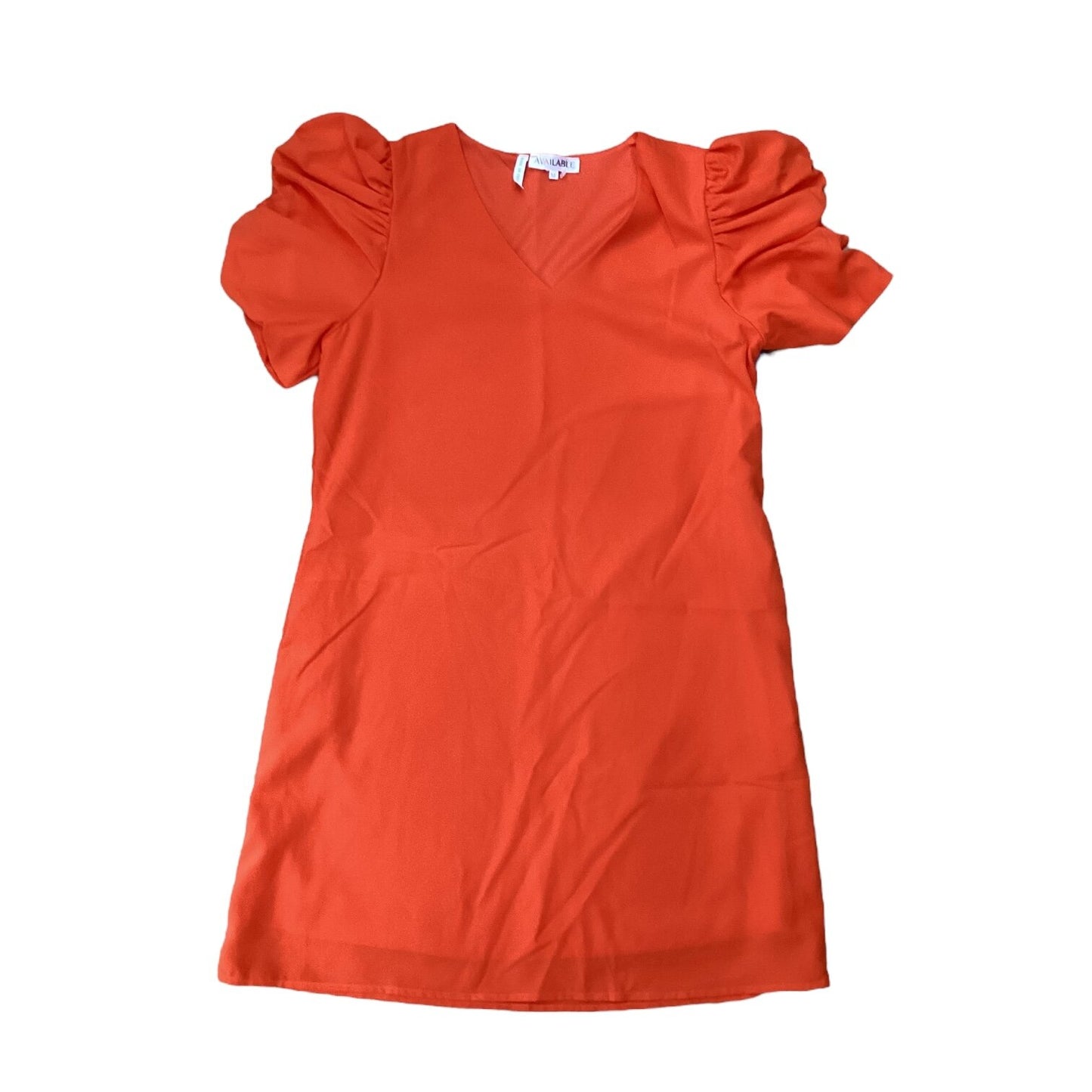 Dress Casual Short By Clothes Mentor  Size: M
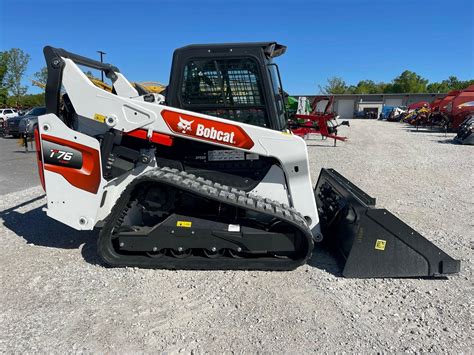 75 hp bobcat skid steer|bobcat t76 price.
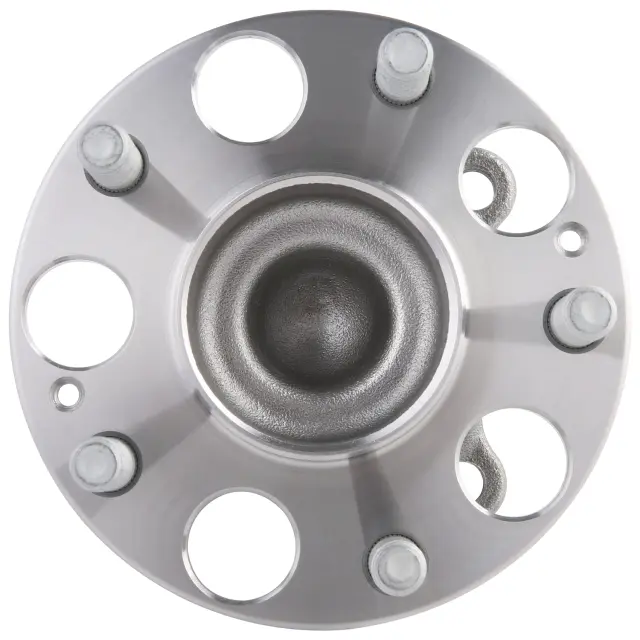 1BP01194AA - : Wheel Bearing and Hub Assembly for bproauto Image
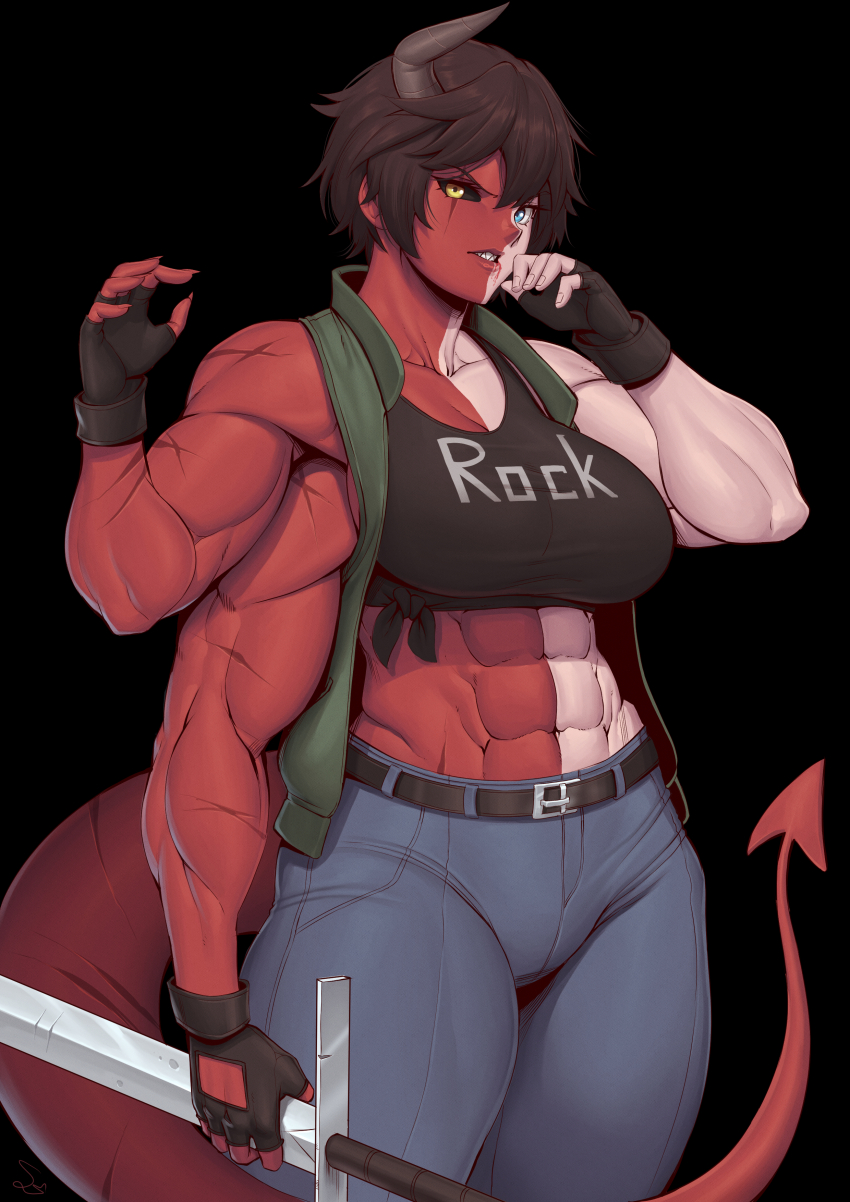 Ezma (Original) Rule 34 Image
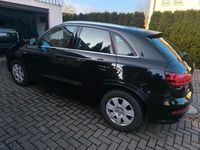 Gebraucht Audi Q3 S-Line 177 PS (130 kW) 2013 Schwarz SUV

..........

■ ASSIGNMENT
Leaving out only the pictures, retype every record exactly.

■ OUTPUT OF THE EXERCISE
 Dress Casual Short By Clothes Mentor  Size: M
 75 hp bobcat skid steer|bobcat t76 price.
 1BP01194AA - : Wheel Bearing and Hub Assembly for bproauto Image
 Ezma (Original) Rule 34 Image
 Gebraucht Audi Q3 S-Line 177 PS (130 kW) 2013 Schwarz SUV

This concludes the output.